Increasing number of people are finding it difficult to understand the fact that box ticking stops thought process. I think they are too busy ticking other boxes to think about this in the first place. Some even go to the extent of accusing doctors of being non-caring about patient safety. They ask, “Why can’t doctors who are paid less than pilots, do what those highly paid glamorous trend setters in aviation industry do?” Airline pilots have been telling medical people how to do their jobs. The pilot mentioned at that link is the one who landed the plane in an emergency on the Hudson river. While everyone listens to him enthusing medics to do safety checks and to feel free to override seniors' decisions as required, they hardly recognise the fact that the ability to glide a plane into the Hudson river during an emergency was thanks to intensive training and not safety checks. So the real question is how often does an emergency happen in medicine versus the aviation industry. True to my nature, I never waste time stating the obvious.
One of the reasons why the analogy is particularly endearing for many members of the public and some of the medical fraternity is due to the fact that at any one time, the pilot, is responsible for the lives of 250 people aboard the plane. He is perceived to be in an even more responsible position than a doctor because a doctor only holds one life in his hands at any one time. Even if you don't agree with it, I can see no other reason why the driver of a vehicle has to be paid more than a doctor. So it follows that the pilot is best suited to advice the doctor how to look after his patients, rather than the other way round. Otherwise you would have heard of the aviation industry taking tips from a doctor on how to fly a plane.

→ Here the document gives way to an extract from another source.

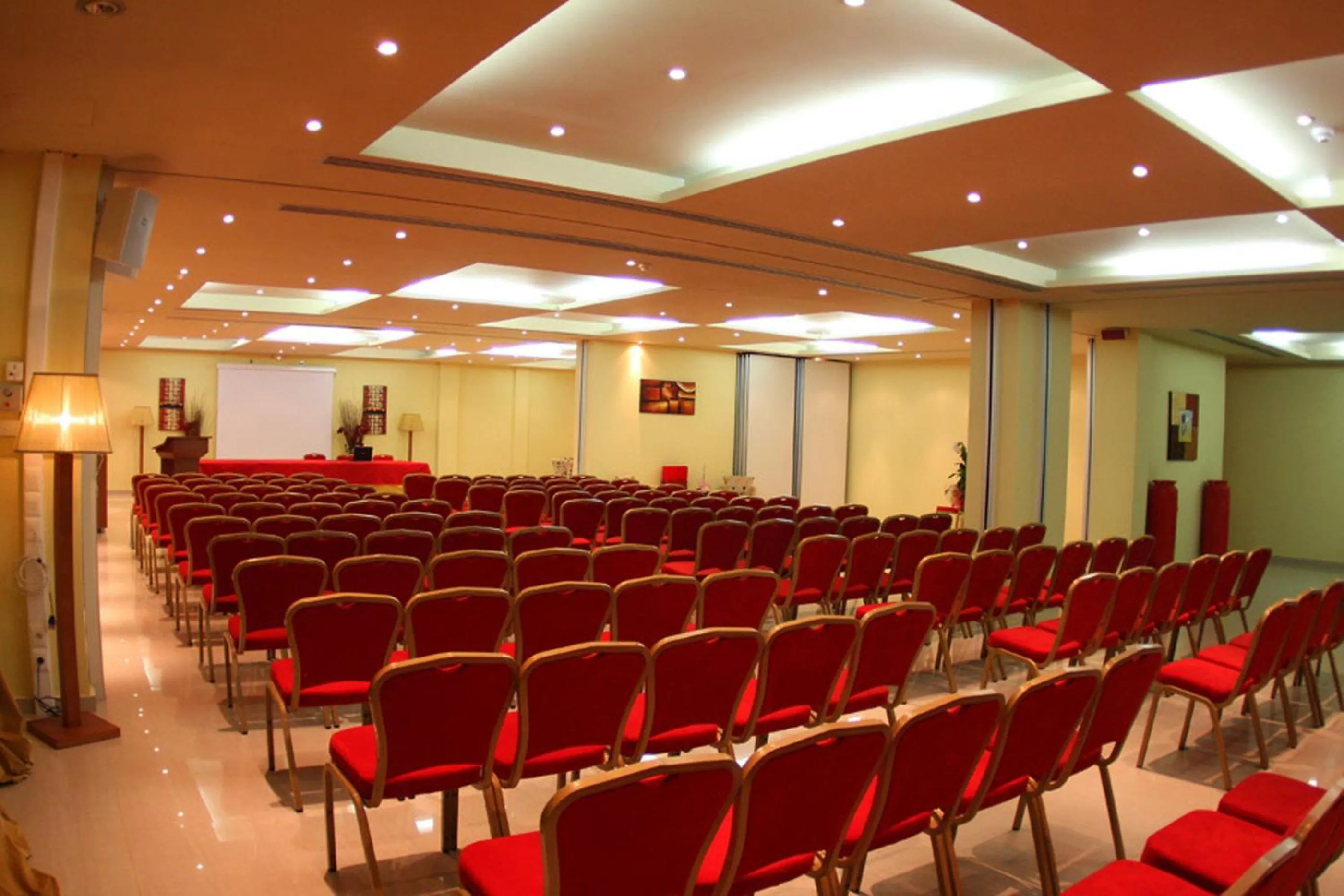 Meeting/conference room in Kiani Beach Resort Family All Inclusive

So why don’t doctors treat patients as planes?
Gauges: alcohol content full. Check.
Exhaust: Full of cigarette smoke. Check.
Tail rudder. Lovely tail. check.
Audio: No heart murmurs. Check.
Visual: Pretty ugly woman. Check.
The reason why this does not work is that the pilots are given healthy planes, not sick ones. The starting argument for the pilot is to merely confirm that all is well for the decidedly healthy plane. Try giving the pilot a plane that is not working and see if he can check boxes and find out the problem. Well, he may be able to find out what is not working( symptoms) , but why it is not working (diagnosis) is left to the well trained mechanics while the pilot tips his hat at a lovely stewardess and goes looking for a healthy plane. Can you imagine a pilot calling out “gauges check” 20 feet away from the ground in a nose diving plane? I don’t think safety check was on his mind right then! The doctor faced with a septic patient in renal failure with acidosis and jaundice will never diagnose leptospirosis in time if he did mere gauges check. He would be busy putting up the drip and oxygen and asking for the mechanic (senior review) to come and sort it all out for him while he moves to another ward for more clientele amenable to box ticking.

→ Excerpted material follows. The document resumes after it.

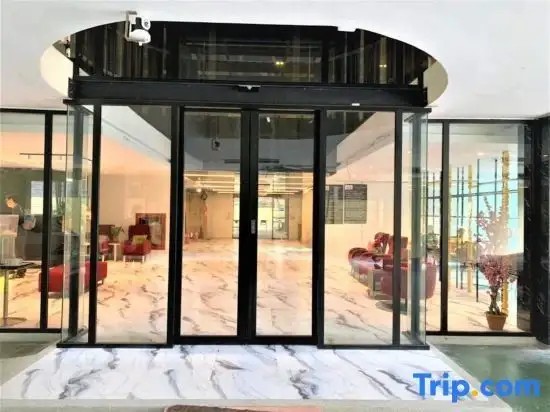 BELLA B ALL SUITE BANGKOK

Screening healthy people and Treating ill people should not be mistaken for the same. The more I see of safety checks, guidelines and the box ticking , I can see where the expression, “think outside the box” came from. Please don’t make “boxes”. Make more "outsides" to leave medical trainees free to think outside the pathway. Every time. Not just when they feel like it. But to think outside the “pathway” every time in every patient. Which then makes one think, why restrict thought with pathways every time???